Ours is a story that is unfortunately all too familiar in these turbulent and challenging economic times: a great development sidetracked by a truly unexpected shortfall of one highly critical component—money.

It was May of 2008, and more than 18 months of hard work and collaboration had paid off when the city of Overland Park, Kansas finally approved its first ever Tax Increment Financing (TIF) district for our redevelopment of the 111,294-square-foot Cherokee South Plaza. Valued at $3.5 million, the TIF dollars would help defray the cost of creating a warm, welcoming and aesthetically pleasing environment satisfying the city’s new stringent zoning code for the established commercial district north of I-435. With enhanced streetscaping, lush landscaping, attractive signage and related architectural detailing, the Cherokee South Plaza redevelopment promised to transform an aging, underperforming asset into a vibrant and productive community destination.

The project was on track, and the TIF approval validated our position: a revitalized Cherokee South Plaza had the potential to bolster the economic prospects of surrounding development and become a true community asset. As with any successful public-private partnership, community engagement was key. We worked closely with city officials to develop the TIF district. We reached out to Overland Park’s residents. And most importantly, we listened. We had successfully brought local residents and municipal leaders on board, and the community shared our enthusiasm for the project. When the news came that Walgreens was ready to sign its lease, everything seemed to be falling into place.

Then came the undesirable news.

Our optimism quickly turned to frustration as the unfortunate realities of a frozen bond market became clear. We needed to monetize the TIF to start construction. Fall of 2008 soon became spring of 2009. The bond markets had not improved. The good news is that Walgreens had executed a ground lease that required them to construct their building, at their own expense; as well as, integrate 2.5 acres of common area improvements to the overall development. Walgreens commenced construction May 2009.

Reworking the Financial Structure

We had invested a great deal of time, energy and money in securing the TIF and signing Walgreens. Undeterred, we scoured the nation looking for innovative ways to monetize the TIF. Finally, in April, we found a way forward. Working closely with a Midwest investment bank and a Midwest investment brokerage firm, we implemented a “dual track” to raise $2.8 million of new equity ($2.4 million for hard construction) in the form of senior subordinated notes or bank qualified notes.

The senior subordinated notes are being actively and successfully subscribed to investors at an attractive 8% return (plus 4% pay-out bonuses on sale of the project). Simultaneously, the bank qualified notes are being provided by the investment bank at a 7.25% rate of return.
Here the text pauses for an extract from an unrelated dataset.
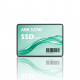 Накопитель SSD SATA  256 GB Hiksemi WAVE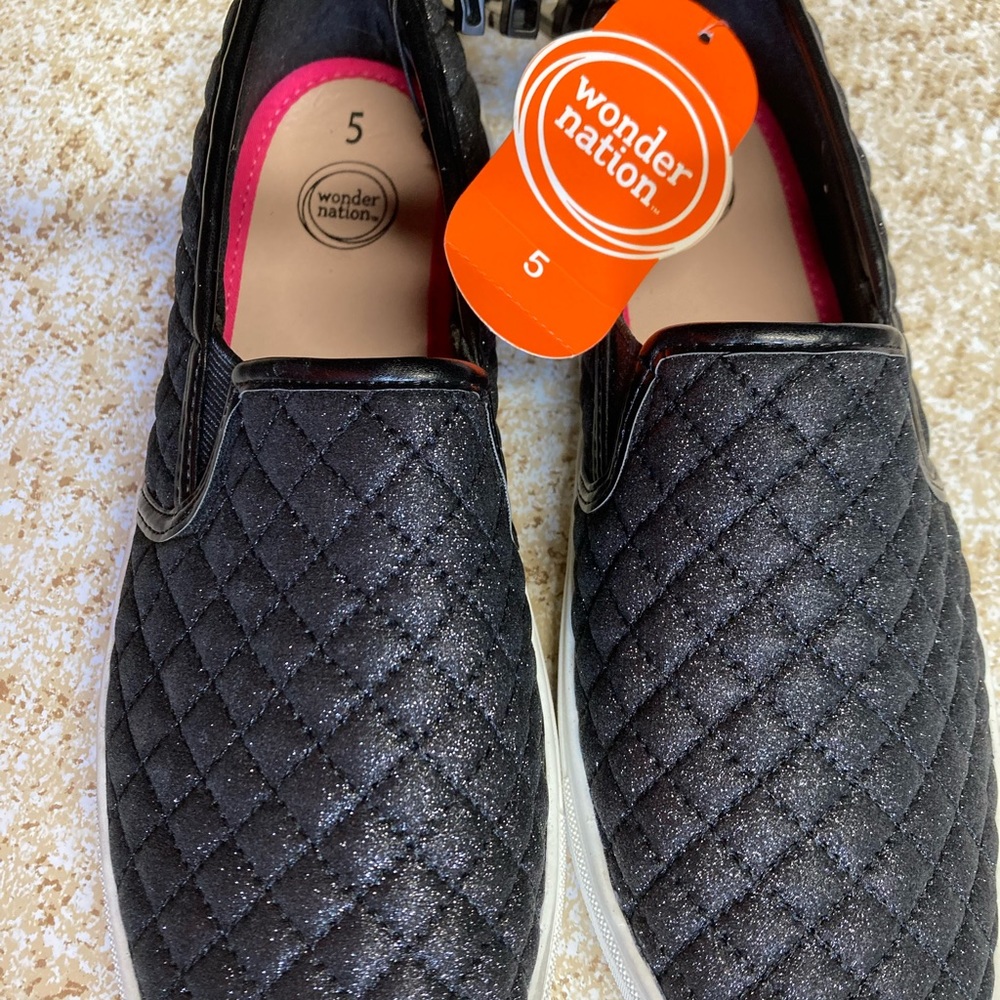 Casual loafers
The result is that the TIF will generate a revenue flow for these new senior subordinated note holders and or bank qualified notes, while the rental stream from Cherokee South Plaza will generate income for our equity investors.

The keys to making this outside-the-box financing work were:

  • Realistic expectations and returns on the new senior subordinated debt, i.e. the paper was priced fairly.
  • Outstanding communication among all vested parties, especially with our equity partners, most of whom are long-term investors with Tri-Land Properties. They understood the special circumstances that made the new level of debt necessary, and they also had an opportunity to participate in the offering.
  • Finding and partnering with new financial partners, and the investors they can bring to the table. The new relationships we have forged have been so successful that our existing investors are already looking forward to our “next deals”.
  • The financing strategy that is driving the redevelopment of Cherokee South Plaza has been so successful that we plan to utilize a similar approach when it comes time to monetize the TIF stream for our other projects in the region, such as the $5.6 million TIF already structured and approved by Kansas City, MO for our Brywood Centre redevelopment.

    The bottom-line lessons here are clear. Be persistent. Be creative. A little lucky. And, control the market; don’t let the market control you.